His third wife, a German national who gave her name as Leonora, told AFP at a screening centre in the province of Deir Ezzor that Lemke, his second wife and herself fled the fighting together.
“We gave up together,” the 19-year-old said in English, adding that Lemke arrived with her at the centre run by the Syrian Democratic Forces (SDF), the Kurdish-Arab outfit that has spearheaded the fight against IS.
The jihadist group is only hanging on to a tiny rump of its once sprawling “caliphate” and many of its residents are fleeing and turning themselves in before a final offensive.
The SDF separate civilians from suspected active IS members during the screening.

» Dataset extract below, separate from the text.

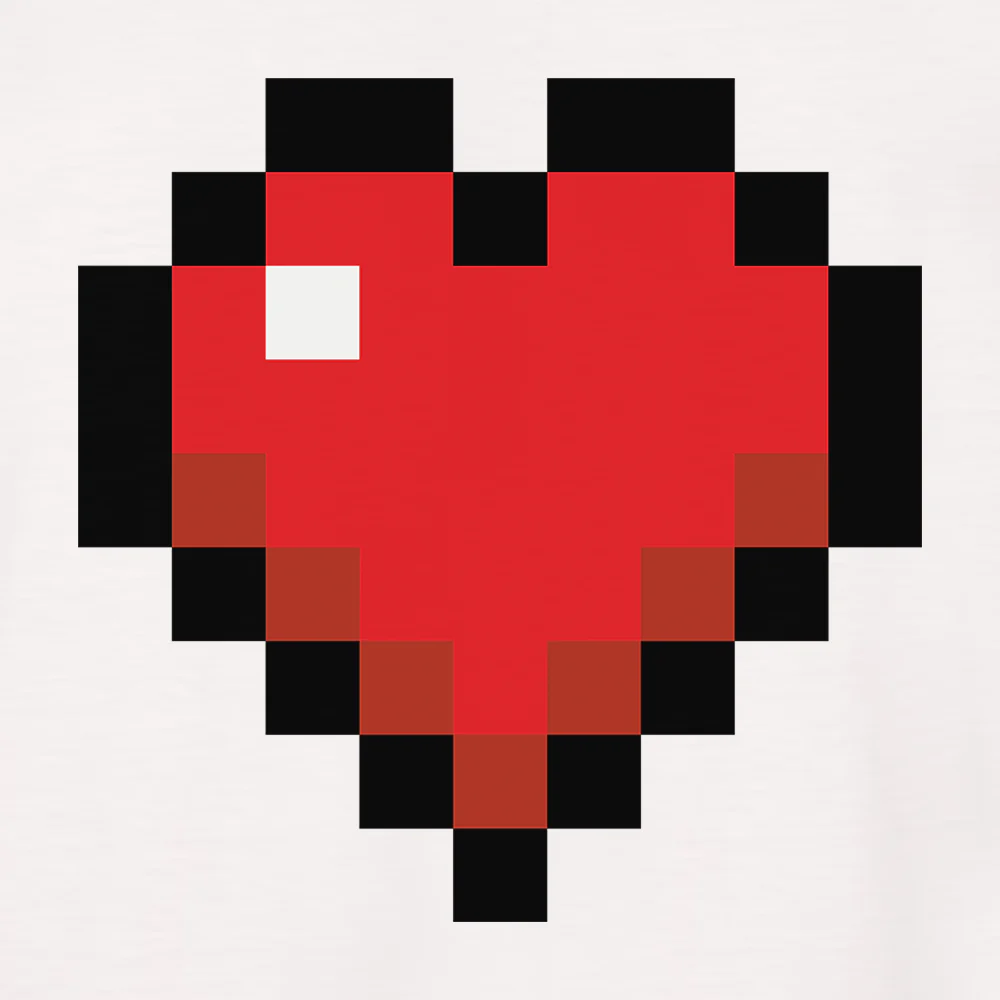 Minecraft Heart Badge Adult Short Sleeve T-Shirt - Image 2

Leonora said Lemke, who is originally from Saxony-Anhalt according to media reports, had a health problem which meant he could not fight and claimed he had worked mostly as a technician for IS.
However investigations published in German newspapers portray Lemke, who is now believed to be 28, as an influential figure among foreign jihadists in Syria.
A report in German newspaper Die Zeit in December 2017 said Lemke arrived in Raqqa, the de facto capital of the jihadist proto-state, in November 2014 and joined the Hisbah (Islamic police).
He is then believed to have become a member of the feared “Amniyat”, IS's intelligence service.
According to Leonora, they married three days after she arrived in IS-held territory, when she was only 15.
The young woman, who was cradling her two-week-old baby, as she spoke from a windswept SDF screening area near the village of Baghouz, said she hoped to return to her family in Germany.
Lemke's second wife, another German national who said her name was Sabina and aged 34, was less willing to speak but confirmed that she fled the last IS pocket with her husband.
SDF officers on the ground refused to comment on the identities of the suspected jihadists being screened and detained at the centre.